Aim of the exercise = The answer is to be an exact copy of the lines below running from the line with "Silver + Bronze" down to the line with "Embroidery Legacy Embroidery", both ends included, and nothing more.

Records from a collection
........

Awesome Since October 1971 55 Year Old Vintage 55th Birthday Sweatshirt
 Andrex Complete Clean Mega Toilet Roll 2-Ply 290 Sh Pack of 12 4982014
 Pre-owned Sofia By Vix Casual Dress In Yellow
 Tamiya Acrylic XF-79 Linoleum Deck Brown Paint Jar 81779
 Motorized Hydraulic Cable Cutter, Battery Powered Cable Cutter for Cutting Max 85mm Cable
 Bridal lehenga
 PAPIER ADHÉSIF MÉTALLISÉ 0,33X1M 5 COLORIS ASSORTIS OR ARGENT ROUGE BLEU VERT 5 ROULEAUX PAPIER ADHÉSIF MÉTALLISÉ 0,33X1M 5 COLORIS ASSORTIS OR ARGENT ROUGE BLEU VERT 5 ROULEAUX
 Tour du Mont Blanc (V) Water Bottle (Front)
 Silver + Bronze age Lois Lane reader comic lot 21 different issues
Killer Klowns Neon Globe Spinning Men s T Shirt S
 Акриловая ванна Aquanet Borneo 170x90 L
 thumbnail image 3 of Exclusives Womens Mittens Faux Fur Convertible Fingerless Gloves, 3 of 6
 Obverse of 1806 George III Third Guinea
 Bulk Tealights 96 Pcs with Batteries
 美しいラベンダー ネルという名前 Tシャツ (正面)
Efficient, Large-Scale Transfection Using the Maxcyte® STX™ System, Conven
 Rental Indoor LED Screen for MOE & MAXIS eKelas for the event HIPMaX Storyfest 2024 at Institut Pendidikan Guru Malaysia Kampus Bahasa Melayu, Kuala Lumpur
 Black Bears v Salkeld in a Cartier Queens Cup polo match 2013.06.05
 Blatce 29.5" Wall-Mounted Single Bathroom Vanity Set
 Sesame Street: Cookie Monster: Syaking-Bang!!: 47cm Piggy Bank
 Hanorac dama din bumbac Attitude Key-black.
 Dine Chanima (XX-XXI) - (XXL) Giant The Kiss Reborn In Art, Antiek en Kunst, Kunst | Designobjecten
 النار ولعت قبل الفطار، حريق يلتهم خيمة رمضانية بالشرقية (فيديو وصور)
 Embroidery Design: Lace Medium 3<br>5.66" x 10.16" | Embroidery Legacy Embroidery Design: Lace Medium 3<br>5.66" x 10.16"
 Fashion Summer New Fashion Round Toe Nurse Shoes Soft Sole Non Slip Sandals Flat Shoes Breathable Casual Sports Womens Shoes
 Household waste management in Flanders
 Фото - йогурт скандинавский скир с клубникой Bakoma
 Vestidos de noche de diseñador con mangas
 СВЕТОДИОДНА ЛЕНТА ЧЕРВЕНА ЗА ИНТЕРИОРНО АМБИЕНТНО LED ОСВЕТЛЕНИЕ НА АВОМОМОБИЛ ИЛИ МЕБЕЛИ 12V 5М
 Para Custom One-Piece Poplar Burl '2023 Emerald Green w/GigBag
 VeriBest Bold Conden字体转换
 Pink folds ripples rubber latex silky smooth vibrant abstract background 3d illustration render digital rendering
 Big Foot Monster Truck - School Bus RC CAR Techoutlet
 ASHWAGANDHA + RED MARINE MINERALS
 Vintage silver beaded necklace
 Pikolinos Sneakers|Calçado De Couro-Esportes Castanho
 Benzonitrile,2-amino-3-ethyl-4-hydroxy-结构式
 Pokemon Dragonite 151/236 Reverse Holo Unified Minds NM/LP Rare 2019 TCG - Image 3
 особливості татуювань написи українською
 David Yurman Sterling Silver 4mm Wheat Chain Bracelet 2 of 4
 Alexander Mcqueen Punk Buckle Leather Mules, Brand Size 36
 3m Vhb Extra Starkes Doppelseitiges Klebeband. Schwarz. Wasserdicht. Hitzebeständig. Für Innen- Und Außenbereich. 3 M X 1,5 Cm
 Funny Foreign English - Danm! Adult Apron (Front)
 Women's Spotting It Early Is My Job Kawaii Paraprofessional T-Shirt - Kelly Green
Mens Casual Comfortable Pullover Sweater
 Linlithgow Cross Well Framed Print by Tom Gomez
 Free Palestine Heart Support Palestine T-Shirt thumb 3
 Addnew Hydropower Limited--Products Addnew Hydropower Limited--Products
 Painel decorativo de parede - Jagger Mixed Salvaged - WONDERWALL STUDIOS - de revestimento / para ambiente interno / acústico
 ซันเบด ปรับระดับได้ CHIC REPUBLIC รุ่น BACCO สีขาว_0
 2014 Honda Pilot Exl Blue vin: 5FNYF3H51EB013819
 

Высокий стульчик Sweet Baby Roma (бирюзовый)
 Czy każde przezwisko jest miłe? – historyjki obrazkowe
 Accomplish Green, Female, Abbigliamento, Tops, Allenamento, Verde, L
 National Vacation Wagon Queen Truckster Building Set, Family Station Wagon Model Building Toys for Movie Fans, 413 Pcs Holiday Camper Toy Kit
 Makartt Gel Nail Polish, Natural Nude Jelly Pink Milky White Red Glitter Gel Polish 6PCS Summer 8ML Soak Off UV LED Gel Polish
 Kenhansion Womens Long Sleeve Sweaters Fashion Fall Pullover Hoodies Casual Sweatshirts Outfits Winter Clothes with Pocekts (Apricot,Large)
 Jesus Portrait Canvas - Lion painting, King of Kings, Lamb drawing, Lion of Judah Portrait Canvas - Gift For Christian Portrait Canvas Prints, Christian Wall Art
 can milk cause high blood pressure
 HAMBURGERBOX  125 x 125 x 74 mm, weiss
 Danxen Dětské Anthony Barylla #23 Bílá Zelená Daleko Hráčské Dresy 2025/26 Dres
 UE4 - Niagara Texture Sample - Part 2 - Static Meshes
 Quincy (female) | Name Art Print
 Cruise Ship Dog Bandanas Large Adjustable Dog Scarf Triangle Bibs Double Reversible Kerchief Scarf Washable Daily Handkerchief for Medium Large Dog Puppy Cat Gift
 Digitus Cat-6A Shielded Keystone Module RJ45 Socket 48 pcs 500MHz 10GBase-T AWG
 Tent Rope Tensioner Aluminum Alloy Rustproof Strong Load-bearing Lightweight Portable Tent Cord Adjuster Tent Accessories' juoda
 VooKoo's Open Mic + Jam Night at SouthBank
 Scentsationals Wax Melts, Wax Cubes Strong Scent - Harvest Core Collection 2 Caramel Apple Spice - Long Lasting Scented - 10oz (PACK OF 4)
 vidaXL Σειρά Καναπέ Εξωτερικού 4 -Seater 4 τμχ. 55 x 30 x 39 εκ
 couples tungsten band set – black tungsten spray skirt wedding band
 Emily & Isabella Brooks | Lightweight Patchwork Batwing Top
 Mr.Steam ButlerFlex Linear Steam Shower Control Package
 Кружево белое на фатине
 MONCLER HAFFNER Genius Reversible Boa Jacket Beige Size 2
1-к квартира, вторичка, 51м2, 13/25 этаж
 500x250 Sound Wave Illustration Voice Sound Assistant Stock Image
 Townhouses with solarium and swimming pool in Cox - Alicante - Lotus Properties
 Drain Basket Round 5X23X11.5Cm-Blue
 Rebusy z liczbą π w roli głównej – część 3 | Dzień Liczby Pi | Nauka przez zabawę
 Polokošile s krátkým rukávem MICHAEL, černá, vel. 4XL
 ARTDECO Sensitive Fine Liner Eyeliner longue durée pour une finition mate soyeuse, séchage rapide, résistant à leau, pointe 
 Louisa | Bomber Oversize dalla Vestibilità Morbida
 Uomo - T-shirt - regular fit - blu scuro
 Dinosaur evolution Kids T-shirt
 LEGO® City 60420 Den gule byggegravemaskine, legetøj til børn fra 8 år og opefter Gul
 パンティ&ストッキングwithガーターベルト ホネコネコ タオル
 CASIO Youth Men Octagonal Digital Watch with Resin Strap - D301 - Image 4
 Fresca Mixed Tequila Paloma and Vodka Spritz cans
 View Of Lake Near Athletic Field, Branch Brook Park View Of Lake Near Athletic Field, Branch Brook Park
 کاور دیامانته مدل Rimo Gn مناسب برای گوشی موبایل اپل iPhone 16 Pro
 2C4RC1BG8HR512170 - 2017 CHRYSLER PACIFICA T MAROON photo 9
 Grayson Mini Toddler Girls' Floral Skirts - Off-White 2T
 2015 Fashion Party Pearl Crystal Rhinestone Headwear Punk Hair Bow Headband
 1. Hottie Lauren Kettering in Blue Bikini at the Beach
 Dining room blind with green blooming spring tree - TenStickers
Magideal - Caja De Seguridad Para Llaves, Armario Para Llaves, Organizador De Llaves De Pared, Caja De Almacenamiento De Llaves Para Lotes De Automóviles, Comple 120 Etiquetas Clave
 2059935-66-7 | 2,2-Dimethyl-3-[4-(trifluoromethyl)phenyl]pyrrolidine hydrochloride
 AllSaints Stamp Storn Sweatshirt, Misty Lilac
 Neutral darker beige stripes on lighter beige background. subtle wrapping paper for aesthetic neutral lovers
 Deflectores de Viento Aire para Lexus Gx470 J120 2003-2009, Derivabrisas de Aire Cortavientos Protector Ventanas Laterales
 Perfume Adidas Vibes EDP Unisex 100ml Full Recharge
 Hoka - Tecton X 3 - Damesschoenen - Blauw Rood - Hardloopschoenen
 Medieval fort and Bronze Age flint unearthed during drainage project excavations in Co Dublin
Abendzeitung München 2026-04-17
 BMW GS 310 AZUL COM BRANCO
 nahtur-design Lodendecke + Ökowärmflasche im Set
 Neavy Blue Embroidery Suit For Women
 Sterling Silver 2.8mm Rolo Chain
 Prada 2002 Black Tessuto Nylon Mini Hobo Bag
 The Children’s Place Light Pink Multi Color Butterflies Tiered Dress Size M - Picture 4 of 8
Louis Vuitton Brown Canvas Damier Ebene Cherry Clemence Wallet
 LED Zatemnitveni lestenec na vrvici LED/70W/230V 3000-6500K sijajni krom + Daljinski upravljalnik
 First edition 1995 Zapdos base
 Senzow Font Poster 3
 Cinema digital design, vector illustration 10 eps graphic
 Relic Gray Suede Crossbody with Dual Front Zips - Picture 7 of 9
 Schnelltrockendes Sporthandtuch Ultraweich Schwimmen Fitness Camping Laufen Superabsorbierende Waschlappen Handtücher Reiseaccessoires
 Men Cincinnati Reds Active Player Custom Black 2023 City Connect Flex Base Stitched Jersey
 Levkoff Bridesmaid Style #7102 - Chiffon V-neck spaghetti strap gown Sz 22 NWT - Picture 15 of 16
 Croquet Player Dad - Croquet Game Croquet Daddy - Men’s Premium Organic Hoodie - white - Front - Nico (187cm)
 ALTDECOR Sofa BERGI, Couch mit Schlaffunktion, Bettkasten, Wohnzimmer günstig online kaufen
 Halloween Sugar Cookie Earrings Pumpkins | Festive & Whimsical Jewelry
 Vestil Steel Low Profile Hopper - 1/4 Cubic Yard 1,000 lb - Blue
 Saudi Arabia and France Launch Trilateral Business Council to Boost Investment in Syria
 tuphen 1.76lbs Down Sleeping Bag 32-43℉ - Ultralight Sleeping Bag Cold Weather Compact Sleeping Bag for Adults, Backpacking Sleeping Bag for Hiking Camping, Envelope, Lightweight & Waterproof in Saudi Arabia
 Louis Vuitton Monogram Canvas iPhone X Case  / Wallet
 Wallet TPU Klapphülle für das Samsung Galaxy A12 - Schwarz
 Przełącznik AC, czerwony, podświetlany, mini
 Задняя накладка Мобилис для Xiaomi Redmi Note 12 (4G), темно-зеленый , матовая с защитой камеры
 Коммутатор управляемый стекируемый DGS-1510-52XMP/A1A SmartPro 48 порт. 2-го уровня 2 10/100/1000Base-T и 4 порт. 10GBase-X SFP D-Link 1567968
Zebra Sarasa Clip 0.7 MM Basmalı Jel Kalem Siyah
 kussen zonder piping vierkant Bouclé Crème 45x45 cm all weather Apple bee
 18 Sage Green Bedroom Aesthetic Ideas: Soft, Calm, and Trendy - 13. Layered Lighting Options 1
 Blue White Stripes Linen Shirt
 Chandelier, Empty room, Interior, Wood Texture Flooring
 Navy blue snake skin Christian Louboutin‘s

........

Response to the task =
 Silver + Bronze age Lois Lane reader comic lot 21 different issues
Killer Klowns Neon Globe Spinning Men s T Shirt S
 Акриловая ванна Aquanet Borneo 170x90 L
 thumbnail image 3 of Exclusives Womens Mittens Faux Fur Convertible Fingerless Gloves, 3 of 6
 Obverse of 1806 George III Third Guinea
 Bulk Tealights 96 Pcs with Batteries
 美しいラベンダー ネルという名前 Tシャツ (正面)
Efficient, Large-Scale Transfection Using the Maxcyte® STX™ System, Conven
 Rental Indoor LED Screen for MOE & MAXIS eKelas for the event HIPMaX Storyfest 2024 at Institut Pendidikan Guru Malaysia Kampus Bahasa Melayu, Kuala Lumpur
 Black Bears v Salkeld in a Cartier Queens Cup polo match 2013.06.05
 Blatce 29.5" Wall-Mounted Single Bathroom Vanity Set
 Sesame Street: Cookie Monster: Syaking-Bang!!: 47cm Piggy Bank
 Hanorac dama din bumbac Attitude Key-black.
 Dine Chanima (XX-XXI) - (XXL) Giant The Kiss Reborn In Art, Antiek en Kunst, Kunst | Designobjecten
 النار ولعت قبل الفطار، حريق يلتهم خيمة رمضانية بالشرقية (فيديو وصور)
 Embroidery Design: Lace Medium 3<br>5.66" x 10.16" | Embroidery Legacy Embroidery Design: Lace Medium 3<br>5.66" x 10.16"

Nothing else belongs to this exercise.